Wrinkling of a thin film on a nematic liquid-crystal elastomer

Wrinkles commonly develop in a thin film deposited on a soft elastomer substrate when the film is subject to compression. Motivated by recent experiments [Agrawal et al., Soft Matter 8, 7138 (2012)] that show how wrinkle morphology can be controlled by using a nematic elastomer substrate, we develop the theory of small-amplitude wrinkles of an isotropic film atop a nematic elastomer. The directors of the nematic elastomer are initially uniform. For uniaxial compression of the film along the direction perpendicular to the elastomer directors, the system behaves as a compressed film on an isotropic substrate. When the uniaxial compression is along the direction of nematic order, we find that the soft elasticity characteristic of liquid-crystal elastomers leads to a critical stress for wrinkling which is very small compared to the case of an isotropic substrate.
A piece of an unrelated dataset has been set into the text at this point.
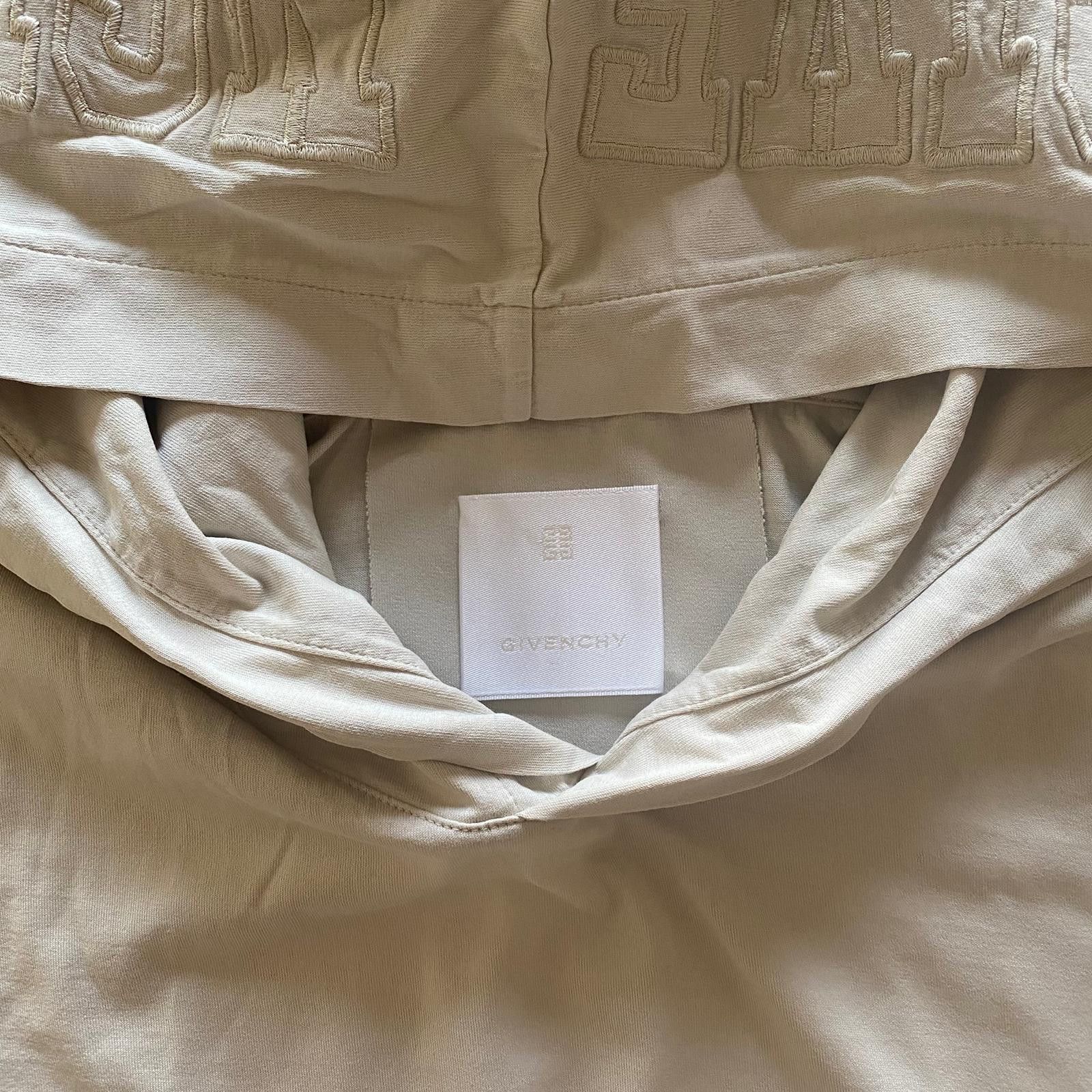 Givenchy 1 of 1 Beige Embroidered Multi Logo Oversized Hooded T-Shirt Size US M / EU 48-50 / 2 - 2 Thumbnail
We also determine the wavelength of the wrinkles at the critical stress and show how the critical stress and wavelength depend on substrate depth and the anisotropy of the polymer chains in the nematic elastomer.

Figure 1

Schematic diagram of a thin film of thickness $h$ deposited on a liquid-crystal elastomer substrate of thickness $d$. The mesogens are not drawn to scale. The film has wrinkles of wavelength $2\pi /q$, with the modulation along the $x$ direction. The rotation of the directors penetrates a distance $l_{\mathrm{p}}$ (discussed in Sec. 3b).

Figure 2

Compressive stress $-{\sigma }_0$ as a function of wrinkle wavelength $2\pi /q$ for an ideal nematic elastomer substrate with $r=1.68$ (black dotted line), a semisoft nematic elastomer substrate with $r=1.01$ (blue dashed line), and an isotropic elastomer substrate with $r=1$ (red solid line), all with a shear modulus $\mu =0.24\mathrm{MPa}$, and a polystyrene film with thickness $h=100$ nm and stiffness $E_s=3.5$ GPa. For each curve, the critical stress ${\sigma }_c$ corresponds to the minimum at $2\pi /q_c$; the critical stress for the nematic elastomer substrate is much smaller than for the isotropic elastomer substrate.